New England Colonial architecture is anenduring style that's just as appropriate for family living today as it was back in its heyday in the 1930s and '40s.
Architect Jan Gleysteen says there's a good reason for this such houses are not only imbued with traditional character and charm, but are also a symbol of the past. As such they conjure up feelings of warmth and familiarity.
"There is a scaling to these houses that ensures they seem to wrap protectively around the family," Gleysteen says. "This concept of scaling is readily evident in this property mature beech trees frame the house beautifully, and make it seem as though it has always been there."
The architect says the house replaces a 1980s modern house that was built on a 45° angle to the street.
"Most of the houses in the small town have a New England Colonial character and are built parallel to the street.
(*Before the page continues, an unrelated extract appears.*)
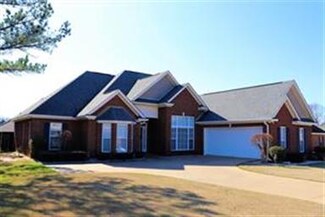 43 Tybee Cove, Deatsville, AL 36022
The original house on this block had no curb appeal, so that was a key consideration in the planning of the new house. We placed it parallel to the street, on a slight rise, with a U-shaped driveway providing a double entry."
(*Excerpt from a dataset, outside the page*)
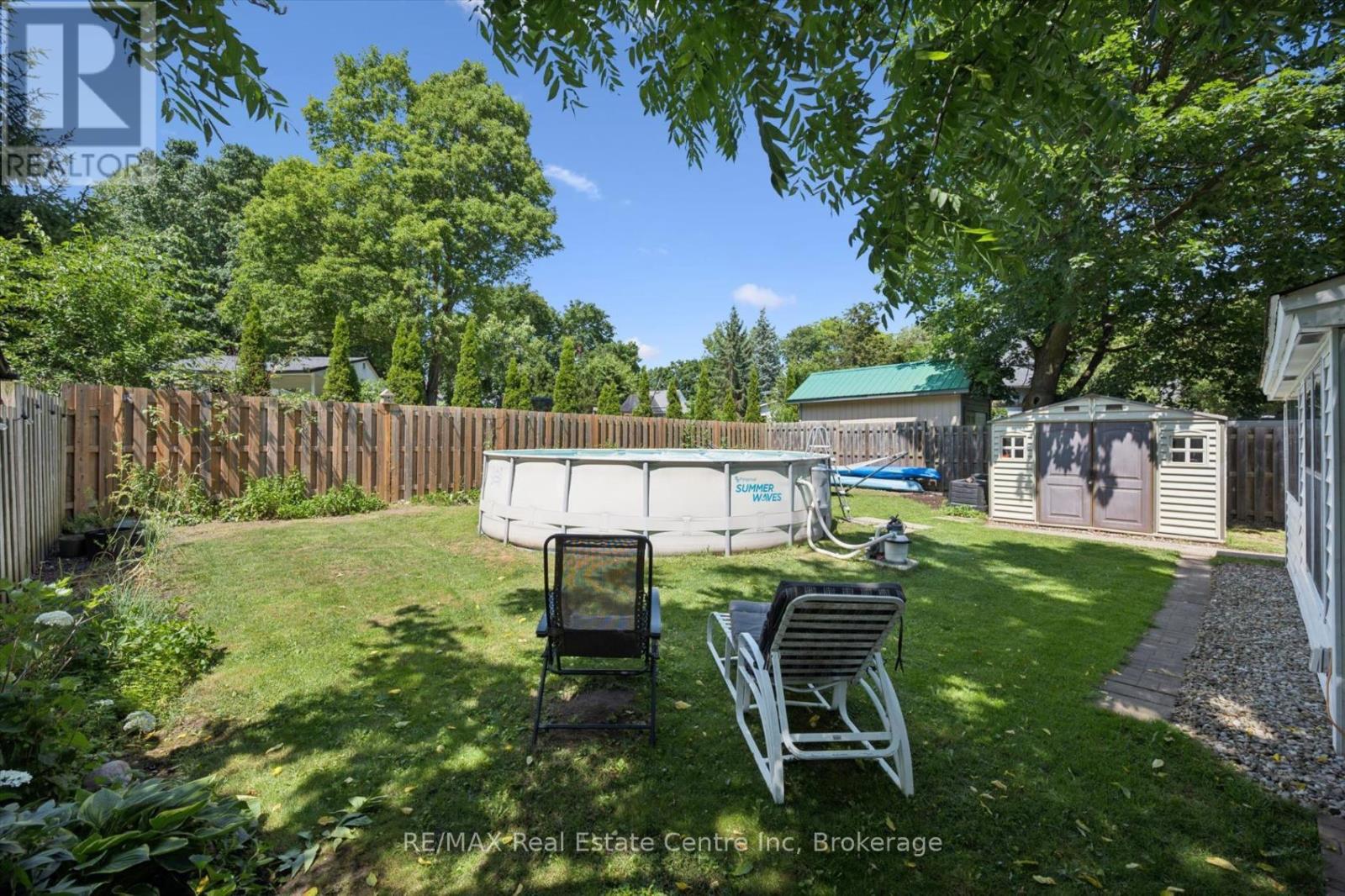 80 MEMORIAL CRESCENT - 21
The traditional formality of the front elevation is also typical of the style. Gleysteen ensured the main volume has a strong symmetry to the extent that one of the two chimneys that anchor the sides of the house is purely for aesthetic purposes.
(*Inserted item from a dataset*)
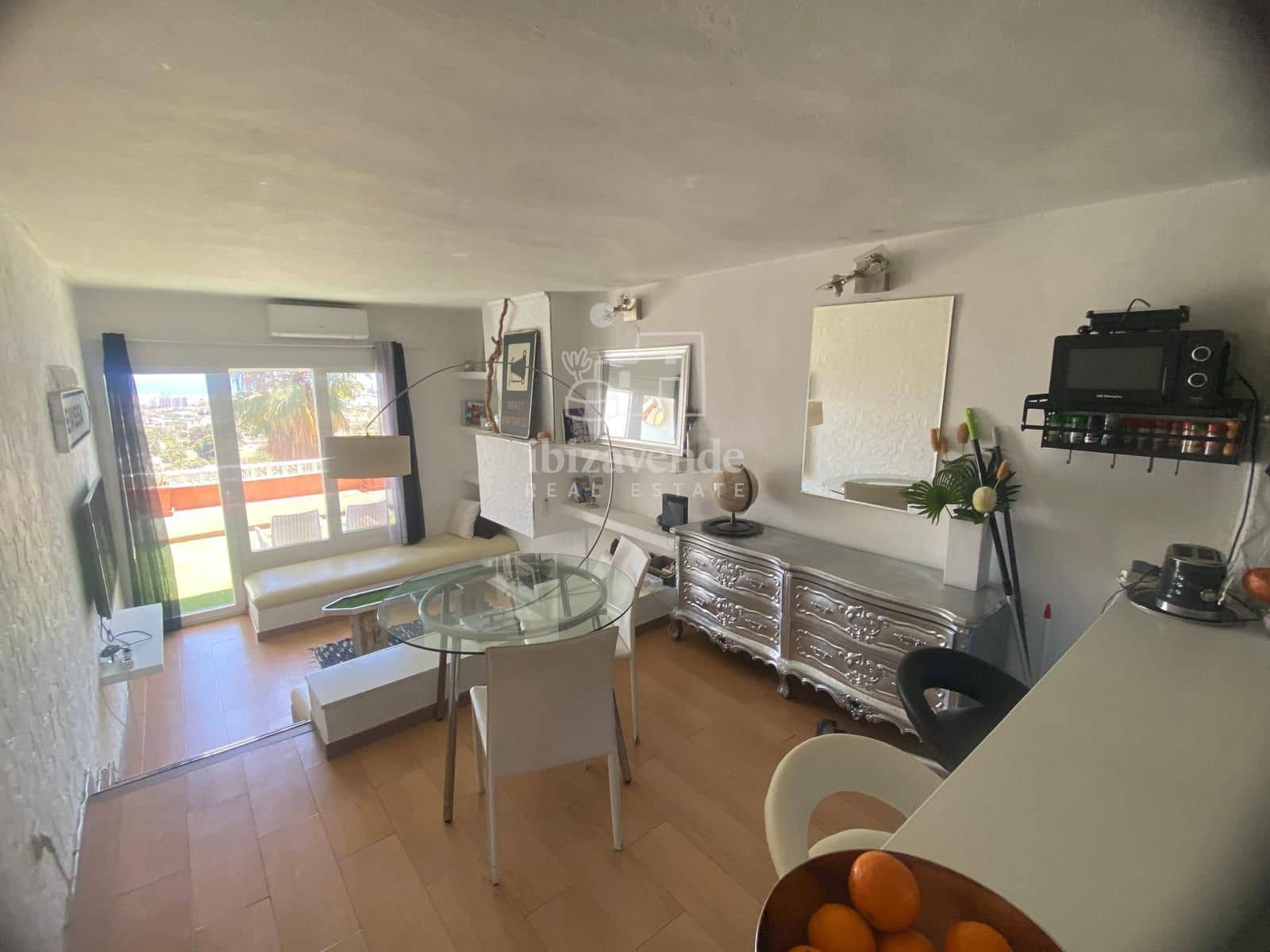 2 soveværelse Byhus til leje i Ibiza by - € 1.500 (Ref: 9113282)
Other features of the New England Colonial style include the fieldstone siding, which is framed by prominent corner pilasters with recessed panels. The house also has black-forest green paneled shutters with exposed hardware, antique lanterns, and Georgian-style columns and dentil mouldings below the roof eaves.
"Unlike the rear, there are no dormer windows on the front elevation, which gives the house a simpler, cleaner look from the street," the architect says.